#### [PROBLEM]
Two lines below mark the span: the one containing "Le texte musical" and the one containing "title: HOUSE 120". Set down both, plus every line between, exactly as they stand, and nothing else.

#### [DATA PROVIDED]
%%

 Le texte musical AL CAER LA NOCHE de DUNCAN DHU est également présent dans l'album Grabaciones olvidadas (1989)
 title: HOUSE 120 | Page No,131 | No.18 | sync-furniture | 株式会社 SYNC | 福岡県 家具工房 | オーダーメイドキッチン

%%
%%

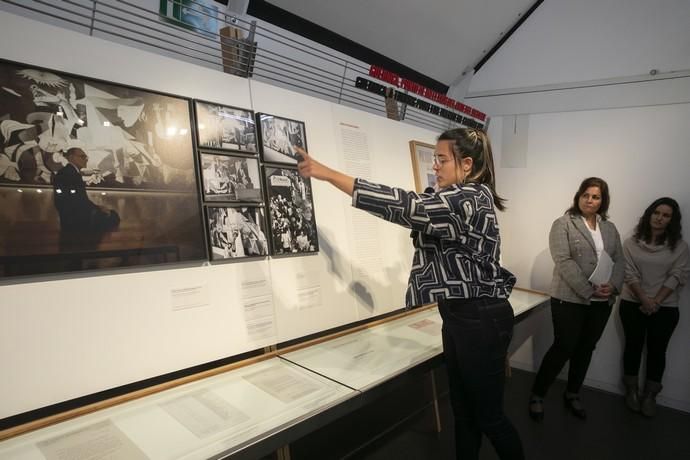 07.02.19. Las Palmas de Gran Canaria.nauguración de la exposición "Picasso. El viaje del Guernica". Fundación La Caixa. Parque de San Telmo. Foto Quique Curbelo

%%

#### [EXERCISE RESPONSE]
 Le texte musical AL CAER LA NOCHE de DUNCAN DHU est également présent dans l'album Grabaciones olvidadas (1989)
 title: HOUSE 120 | Page No,131 | No.18 | sync-furniture | 株式会社 SYNC | 福岡県 家具工房 | オーダーメイドキッチン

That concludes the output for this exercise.